Everyone in the livable streets movement wants congestion pricing to start on schedule in May. But the many brilliant minds in the movement often have different approaches to reducing the political tensions that a new toll creates. After Streetsblog published an article about congestion pricing credits for drivers who enter the central business district via already-tolled tunnel, leading expert Charles Komanoff took us to task. But then, Hells Kitchen activist (and Open Plans board member) Christine Berthet wrote to tell us that Komanoff is missing something. So let's hear what she has to say.
The Editors
In all the New York responses to the New Jersey legislature over the demagoguery of “double tolling” many facts are glossed over. Equity is not the least of them.
Every day for six hours, the west side of Manhattan, including Hells Kitchen, Chelsea, Greenwich Village and Tribeca, is engulfed in a tsunami of New Jersey drivers who idle, block intersections, honk, prevent pedestrians from crossing the street and block EMS. New Jersey drivers using the bike lane as a detour are often posted on Twitter.
Hells Kitchen traffic density is 92 percent higher than the rest of Manhattan and the area experiences the third worst air quality in New York City. This danger to public health is caused by passenger vehicles. New Jersey drivers use our streets as highways and are enraged that the tunnels are full of other New Jersey drivers who also want to return home. They do not respect New York rules of the road and would never dream of leaving a pedestrian crossing clear to let a disabled person cross.
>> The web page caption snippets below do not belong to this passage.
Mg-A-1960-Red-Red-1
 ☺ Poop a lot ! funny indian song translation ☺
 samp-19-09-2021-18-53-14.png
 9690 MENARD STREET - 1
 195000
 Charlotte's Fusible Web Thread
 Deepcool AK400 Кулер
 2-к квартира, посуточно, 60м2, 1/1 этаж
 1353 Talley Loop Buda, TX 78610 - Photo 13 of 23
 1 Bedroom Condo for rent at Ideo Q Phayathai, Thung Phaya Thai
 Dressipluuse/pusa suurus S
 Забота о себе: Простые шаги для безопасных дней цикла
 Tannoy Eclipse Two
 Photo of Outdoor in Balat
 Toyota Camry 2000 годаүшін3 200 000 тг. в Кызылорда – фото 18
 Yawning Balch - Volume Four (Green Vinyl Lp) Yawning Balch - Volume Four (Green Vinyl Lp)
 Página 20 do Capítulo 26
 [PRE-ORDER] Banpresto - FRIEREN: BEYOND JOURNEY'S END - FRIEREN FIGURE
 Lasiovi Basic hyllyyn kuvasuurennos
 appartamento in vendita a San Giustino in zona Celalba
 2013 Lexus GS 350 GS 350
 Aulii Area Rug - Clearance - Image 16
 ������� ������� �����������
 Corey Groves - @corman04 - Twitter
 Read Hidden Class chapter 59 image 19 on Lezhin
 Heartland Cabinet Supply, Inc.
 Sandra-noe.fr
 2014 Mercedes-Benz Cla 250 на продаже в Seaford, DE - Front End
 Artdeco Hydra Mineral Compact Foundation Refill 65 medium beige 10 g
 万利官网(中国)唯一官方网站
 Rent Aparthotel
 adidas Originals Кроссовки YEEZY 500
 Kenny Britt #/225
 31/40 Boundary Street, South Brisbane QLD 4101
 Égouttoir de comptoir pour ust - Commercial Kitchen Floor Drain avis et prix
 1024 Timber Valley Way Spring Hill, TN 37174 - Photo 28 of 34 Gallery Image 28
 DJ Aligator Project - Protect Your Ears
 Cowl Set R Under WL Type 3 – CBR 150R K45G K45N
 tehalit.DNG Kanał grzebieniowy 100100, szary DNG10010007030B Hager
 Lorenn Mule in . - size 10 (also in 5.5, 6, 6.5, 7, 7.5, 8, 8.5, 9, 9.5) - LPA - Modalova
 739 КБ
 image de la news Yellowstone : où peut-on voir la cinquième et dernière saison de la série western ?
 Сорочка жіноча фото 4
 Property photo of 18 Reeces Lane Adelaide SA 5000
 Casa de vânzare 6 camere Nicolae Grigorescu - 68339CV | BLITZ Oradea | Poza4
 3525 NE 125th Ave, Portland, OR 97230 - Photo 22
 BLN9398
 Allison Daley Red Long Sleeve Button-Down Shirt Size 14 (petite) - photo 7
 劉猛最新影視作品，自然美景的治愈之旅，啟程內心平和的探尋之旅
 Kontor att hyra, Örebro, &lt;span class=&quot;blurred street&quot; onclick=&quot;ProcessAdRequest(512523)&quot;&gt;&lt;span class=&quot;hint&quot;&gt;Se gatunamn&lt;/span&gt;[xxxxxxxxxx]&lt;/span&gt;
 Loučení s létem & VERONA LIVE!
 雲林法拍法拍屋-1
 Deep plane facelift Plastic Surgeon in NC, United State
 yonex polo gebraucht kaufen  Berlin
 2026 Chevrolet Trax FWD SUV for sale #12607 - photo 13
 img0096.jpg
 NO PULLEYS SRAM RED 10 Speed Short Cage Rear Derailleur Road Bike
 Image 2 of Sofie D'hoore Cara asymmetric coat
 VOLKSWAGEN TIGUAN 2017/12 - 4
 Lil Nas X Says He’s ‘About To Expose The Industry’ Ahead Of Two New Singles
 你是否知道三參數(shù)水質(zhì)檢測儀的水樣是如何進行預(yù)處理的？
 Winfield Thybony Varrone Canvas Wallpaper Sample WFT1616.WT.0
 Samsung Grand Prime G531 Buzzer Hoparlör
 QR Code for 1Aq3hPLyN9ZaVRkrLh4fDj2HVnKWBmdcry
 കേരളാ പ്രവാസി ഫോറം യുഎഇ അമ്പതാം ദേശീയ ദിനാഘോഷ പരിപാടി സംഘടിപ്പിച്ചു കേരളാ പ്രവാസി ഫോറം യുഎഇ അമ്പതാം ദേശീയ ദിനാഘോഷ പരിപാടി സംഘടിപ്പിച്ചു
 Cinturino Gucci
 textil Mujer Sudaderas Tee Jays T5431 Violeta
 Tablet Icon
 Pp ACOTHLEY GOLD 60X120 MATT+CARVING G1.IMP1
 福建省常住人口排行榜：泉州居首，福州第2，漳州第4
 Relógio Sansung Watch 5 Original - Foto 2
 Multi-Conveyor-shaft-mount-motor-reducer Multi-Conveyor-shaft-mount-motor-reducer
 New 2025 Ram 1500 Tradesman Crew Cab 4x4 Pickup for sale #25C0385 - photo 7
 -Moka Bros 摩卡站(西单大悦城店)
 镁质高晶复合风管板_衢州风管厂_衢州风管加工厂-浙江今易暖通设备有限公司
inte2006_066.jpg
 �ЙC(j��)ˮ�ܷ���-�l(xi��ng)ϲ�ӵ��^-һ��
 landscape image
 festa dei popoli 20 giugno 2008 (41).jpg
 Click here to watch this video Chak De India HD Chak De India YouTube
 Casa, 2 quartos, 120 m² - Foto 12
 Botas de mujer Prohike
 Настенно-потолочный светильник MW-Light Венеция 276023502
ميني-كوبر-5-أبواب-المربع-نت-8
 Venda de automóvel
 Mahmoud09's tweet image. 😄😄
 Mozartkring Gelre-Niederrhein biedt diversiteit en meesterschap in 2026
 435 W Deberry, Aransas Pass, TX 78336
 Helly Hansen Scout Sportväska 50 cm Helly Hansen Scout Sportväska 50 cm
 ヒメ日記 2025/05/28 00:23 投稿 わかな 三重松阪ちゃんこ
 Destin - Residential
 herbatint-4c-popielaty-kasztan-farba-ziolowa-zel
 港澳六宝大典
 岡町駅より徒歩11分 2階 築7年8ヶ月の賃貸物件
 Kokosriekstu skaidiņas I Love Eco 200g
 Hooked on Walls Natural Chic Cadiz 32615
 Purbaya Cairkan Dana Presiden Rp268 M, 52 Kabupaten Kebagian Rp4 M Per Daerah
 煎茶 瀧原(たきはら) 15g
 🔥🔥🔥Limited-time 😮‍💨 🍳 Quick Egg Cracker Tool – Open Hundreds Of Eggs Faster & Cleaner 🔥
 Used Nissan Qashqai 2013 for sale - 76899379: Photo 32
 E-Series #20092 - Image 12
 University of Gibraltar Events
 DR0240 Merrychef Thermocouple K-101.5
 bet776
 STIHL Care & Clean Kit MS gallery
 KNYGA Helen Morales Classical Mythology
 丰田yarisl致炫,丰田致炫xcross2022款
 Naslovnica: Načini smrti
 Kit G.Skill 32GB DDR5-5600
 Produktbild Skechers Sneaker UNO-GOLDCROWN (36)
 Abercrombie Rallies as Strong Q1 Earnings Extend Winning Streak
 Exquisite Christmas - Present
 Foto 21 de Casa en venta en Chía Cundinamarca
The situation is so dangerous that both Hudson Square and Hudson Yards/ Hells Kitchen Business Improvement District employ private Pedestrian Crossing Managers to protect pedestrians from New Jersey drivers.
It is essential that the congestion pricing program correct these conditions ASAP rather than benefit only the East side of the Manhattan Central Business District. We expect the residents who live in the Environment Justice areas of our district to be on high alert should they be treated differently from their neighbors on the East side.
Now to the argument of double tolling. Everyone who has ever travelled on a highway — for example the Garden State Parkway — knows that a driver pays successive tolls for using successive segments of the road. No one calls this a double toll. In this case, the toll is not for crossing the rivers, the toll is for traveling on city streets inside the CBD. A New Jersey driver could pay the Lincoln Tunnel toll coming east across the Hudson, then take the West Side Highway to the Battery Tunnel and get to JFK without paying any congestion toll. Only when drivers want to use the streets within the CBD will they pay the congestion fee for using those specific streets. This is clearly not double tolling and no one should be inclined to give a discount to New Jersey drivers, considering the appalling congestion on the West Side.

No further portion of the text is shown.